Her ordeals, both back home and during the arduous trek across Europe, have left discernible marks on her, as exquisitely expressed in one of many poetic passages:

“Shall I tell you… how the topography of her, of Europe, is encoded in my body now? She’s in the limestone of my skin, dry and easily split. Her salt is in the dark seaweed of my hair, the tang of my sweat. My breasts, the hills of Serbia. The rolls of fat on my belly, my back and hips, like the creases and trenches of Macedonia. Her marshes and fens lie in the shadow of my armpits, the morass of my mound. Walking across Europe, I hung myself from the sky. I swung from star to star and curled up in every crescent moon.” 

Stifled voices

It is no easy feat to deliver an engrossing story through a narrator whose interactions are limited by her inability to speak, but AlAmmar uses this device to denude her other characters of the societal constraints that would otherwise lead them to censor themselves around her. 
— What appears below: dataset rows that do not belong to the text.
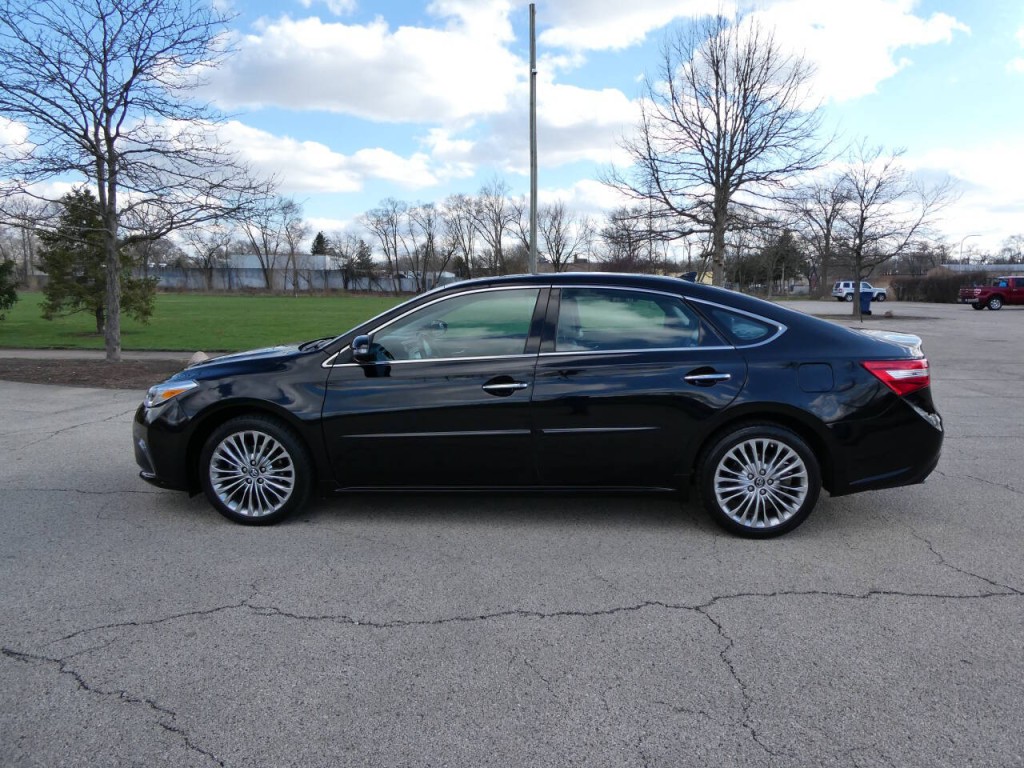 2017 Toyota Avalon Image 8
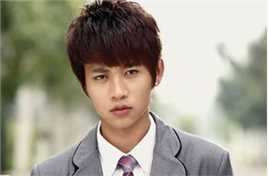 最新魏晨(Vision Wei)在《一起又看流星雨》饰叶烁中的壁纸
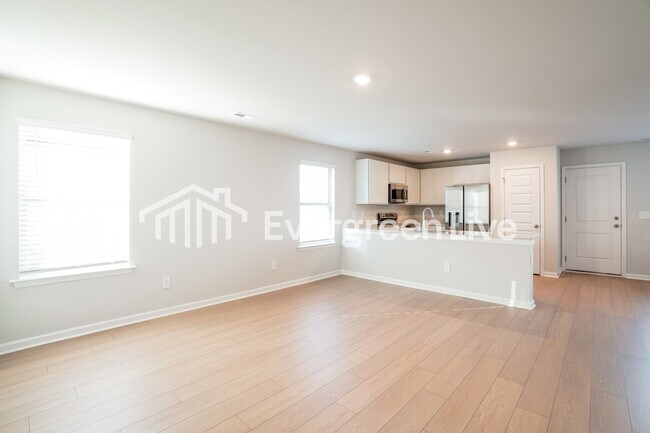 Foto del edificio - 17759 TIPPER LN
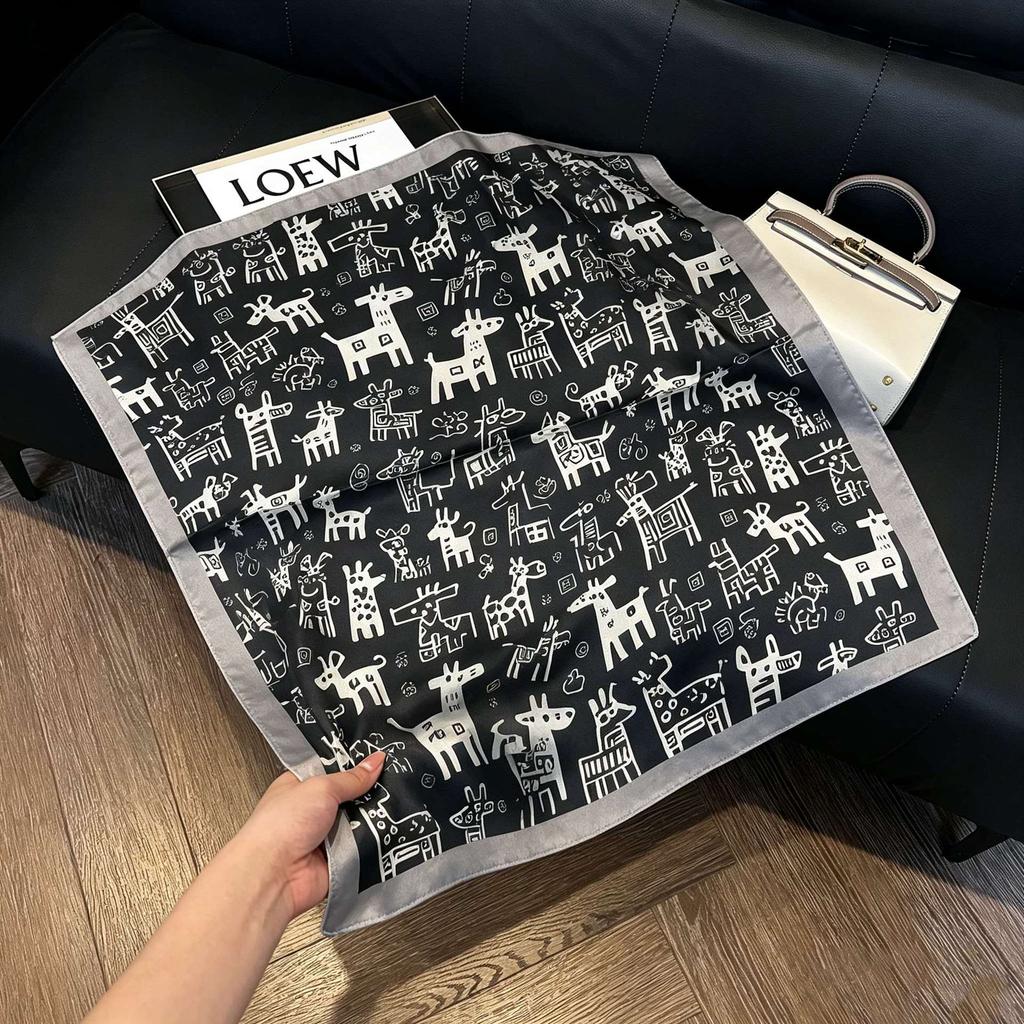 New old money wind chain neck scarf women's commuting versatile soft silk scarf neck protection shawl outer scarf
“When you can’t speak, people assume you can’t hear either,” the narrator writes, adding to the catalogue of expectations foisted upon her on so many fronts, many of which she defies in refusing to abide by them. 

"I am a girl with no name, a girl with no face. I can be whatever you see. Arab. University student. Writer. Fatty. Muslim. Whore… I am all these things at once. I am none of them.”

To mistake the narrator’s muteness for meekness, however, would be patently foolish: she holds strong beliefs and expresses them no less strongly through her writing.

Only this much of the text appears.